Mehrwertsteuer! Einerseits beklagen Sie, dass offensichtlich keine Vorschläge kommen, diese ominöse Hotelsteuer abzuschaffen, andererseits beschimpfen Sie mich, dass ich vorgeschlagen habe, genau das zu tun, indem ich gesagt habe: Alle Ermäßigungen streichen! Dazu gehört auch die. Ich frage einmal: Wenn Sie dieser Steuerdiskussion um die Mehrwertsteuer eine besondere soziale Komponente beimessen, welche ist das denn?
Also, von den 24 Milliarden € Ermäßigungsvolumen aus dem 7-prozentigen Steuersatz fallen 21 Milliarden € auf die besser Verdienenden - solche wie Sie - und 3 Milliarden € auf die weniger Verdienenden. Und dann reden Sie von der sozialen Komponente? - Sie sollten einmal erklären, warum Sie eigentlich - als jemand, der 150.000 € im Jahr verdient - unbedingt darauf besteht, dass Sie weiterhin steuervergünstigt Brot, Butter, Milch und Käse kaufen können.

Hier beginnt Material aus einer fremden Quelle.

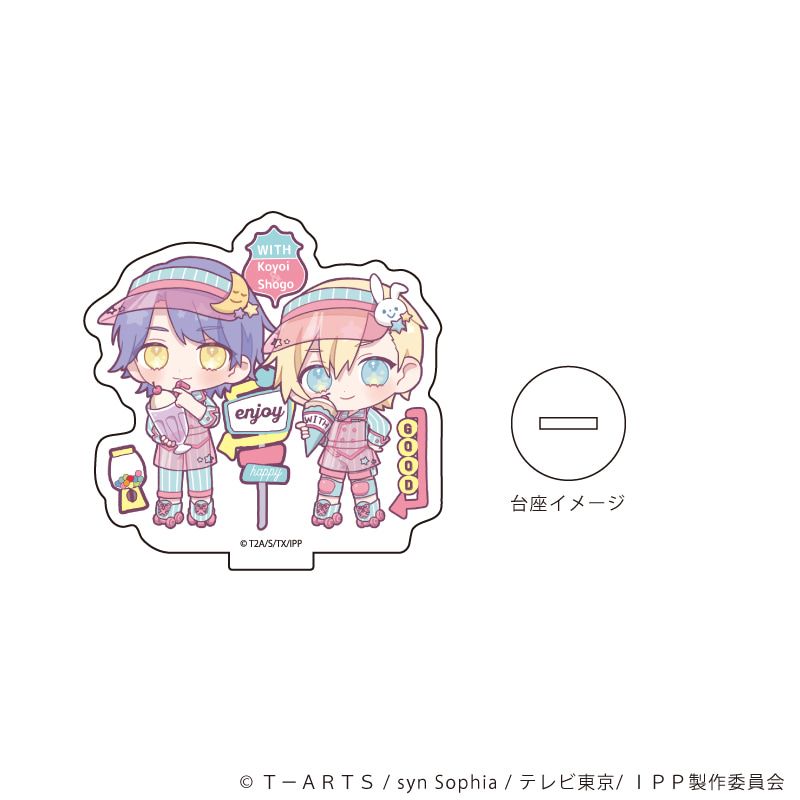 アクリルぷちスタンド「アイドルタイムプリパラ」07/アメリカンダイナーver. コンプリートBOX(全6種)(ミニキャライラスト)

Ich denke, das sollten Sie hier erklären.
Ich will eines, was wir in die nächste Diskussionsrunde gleich noch mit aufnehmen, hier deutlich machen: Sie haben zu Beginn Ihres ersten Redebeitrags gesagt, Schleswig-Holstein sei Haushaltsnotlageland. - Das ist falsch. Das ist definitiv falsch. Es gibt in Deutschland derzeit kein Haushaltsnotlageland, obwohl es drei Länder gibt - Bremen, Berlin und Saarland -, die es gern wären, weil sie dann möglicherweise Anspruch auf noch höhere Bundesmittel hätten als bereits derzeit. Es gibt aber einen Beschluss des Stabilitätsrats von dieser Woche, in dem festgestellt wird, dass vier Ländern die Haushaltsnotlage droht, wenn sie denn nicht das tun, was Schleswig-Holstein eingeleitet hat. Das ist der Beschluss. Das ist ein gewaltiger Unterschied, ob man sich in einer Haushaltsnotlage befindet oder ob man feststellt, dass sie droht, wenn man nichts dagegen unternimmt. Deshalb unternehmen wir etwas dagegen. Das ist der Unterschied zwischen unserer und Ihrer Politik.